— О чем?!
— Да вы только представьте себе, Захар Ильич, какой простор для капитального строительства современных мест отсидки… И производств при них… А перспективы? Треть страны уже сидела, треть сидит, но ведь треть еще сядет?
— Ну, это ты губы раскатала, — ухмыляется он.
— Может быть, я и увлекаюсь, но ведь в конце концов речь идет о репутации России! Хочешь сидеть по-человечески, не покидая любимого отечества, — не жмись, построй себе камеру! Или даже тюрьму! Пока на свободе!
— Что ты мне лапшу на уши вешаешь, Басаргина?
Я распахиваю глаза в квадрат, демонстрируя крайнюю степень простодушной проникновенности:
— Но ведь я руководствуюсь заботой прежде всего лично о вас, Захар Ильич. Есть у меня предчувствие, что вам вот-вот понадобится персональная камера… И на очень долгие года. На вашем месте я бы начала строиться еще лет пять-семь назад…
— Пока на моем месте ты, а я не на твоем месте.
— Все проходит… Так чем обязана столь высоким визитом?
— А напиши-ка ты мне, Лизавета Юрьевна, на мое имя заявление.
— Какое еще?
— Обычное. Такому-то от такой-то… Прошу освободить меня от исполнения обязанностей мэра города Сомова, скажем… по состоянию здоровья.
— Я здорова.
— Пока… Завтра тебе здесь могут любой диагноз организовать.
— Так… Ну а если напишу?
— Завтра же будешь на свободе.
— А если не напишу?
— Тогда ты никогда не будешь на свободе.
Я смеюсь уже внаглую:
— Линяй, папашка.
— Что?!
— Я говорю — отвали.
Он разглядывает меня как-то странно, даже без особой обиды.

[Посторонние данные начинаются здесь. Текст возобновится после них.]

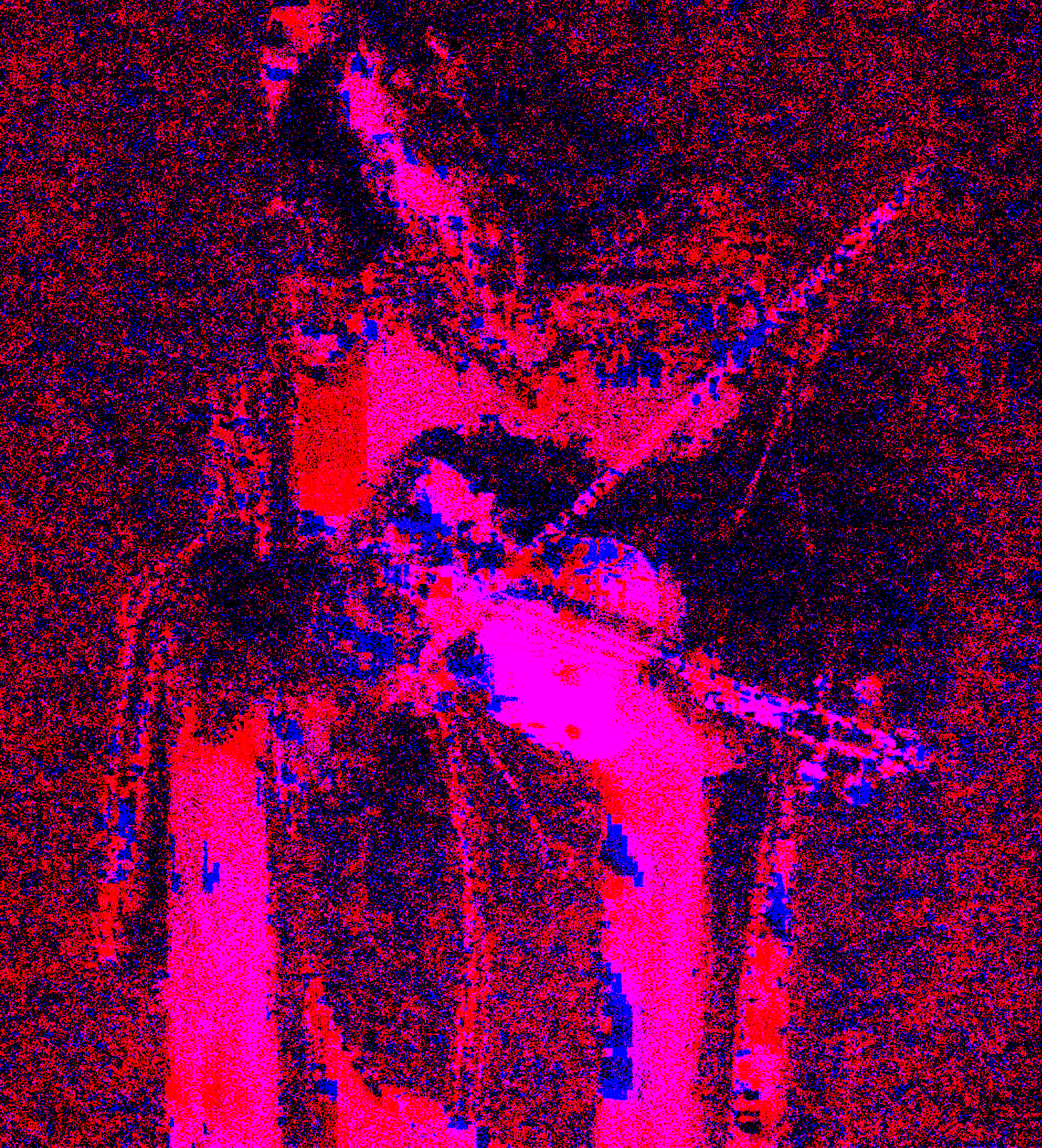 simphony for the muse #fuchsia #14/22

— Не пойму… Гадости мне в глаза говоришь… И даже глазом не моргнешь. Да еще улыбаешься… приятственно. Ну прямо Мальвина такая… Цветочек полевой…
— Какая есть.
— Просто интересно, что там у тебя в башку за такой компьютер засажен? Что ты там еще придумаешь?

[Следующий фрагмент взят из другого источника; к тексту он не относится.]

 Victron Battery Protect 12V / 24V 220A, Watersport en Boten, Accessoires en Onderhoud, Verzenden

— Господь не выдаст — свинья не съест. Проверено практикой, Захар Ильич.
— Ну было бы в тебе хоть что-то… женское… Другая бы из соплей не вылезала, рыдала бы, а тебе хоть бы хны!

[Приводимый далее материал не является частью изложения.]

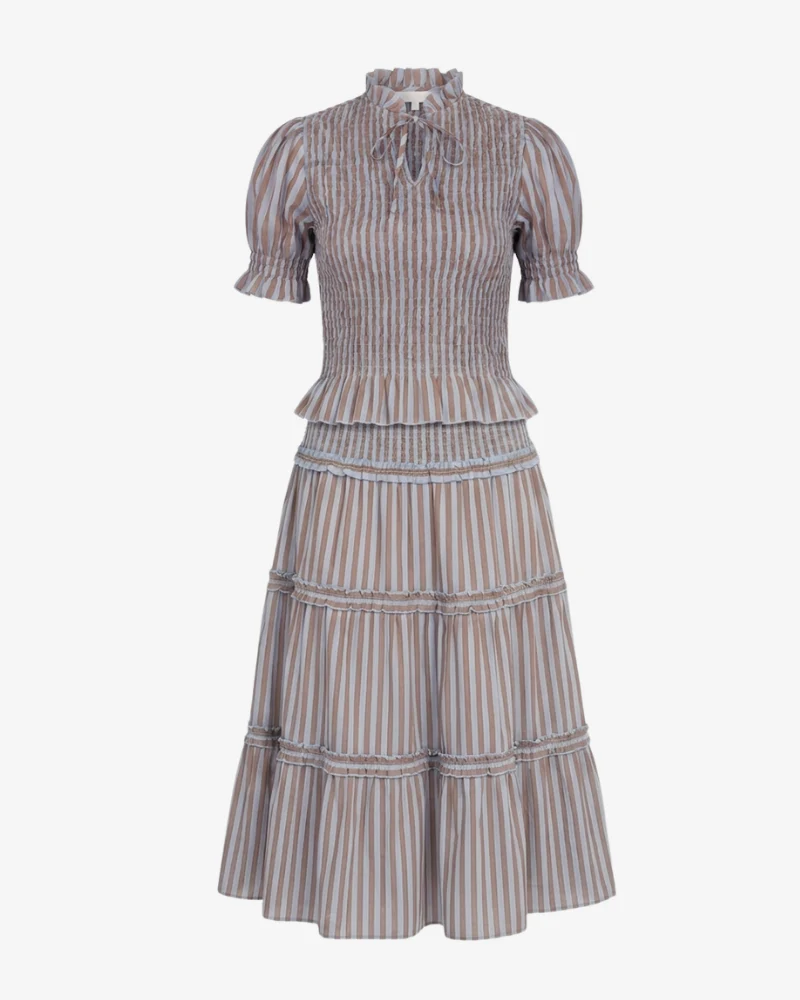 Set Brown stripes - Image 2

Вот насчет женского — это он меня уел…
Прапорщица вносит чайник и стаканы в подстаканниках. Кочет ее отстраняет, выходя.
— Вы же чаю хотели.
— Спасибо, меня уже… напоили.
А я еще долго ломаю голову, зачем он ко мне приходил. И только через несколько дней мне предстоит понять — это он со мной прощался…
Глава одиннадцатая
ЗИНОВИЙ
В тот вечер на Сомово ложится первый снег…
Город светел и тих, как в детском сне.
Крупные хлопья медлено падают с небес.
Патрульный Ленчик, послав напарника за пивком, стоит на площади у своего ментовского «жигуля» и, сняв шапку и задрав голову, ловит снежинки губами.
Со стороны московской трассы, пофыркивая движком, выкатывается помятый, с битой фарой мотоцикл «судзуки». На нем восседает какой-то тип, в шерстяной маске с прорезями для глаз, собачьей меховушке, напяленной поверх драного свитера, в унтах. На багажнике рюкзак со спальником и притороченные рога северного оленя.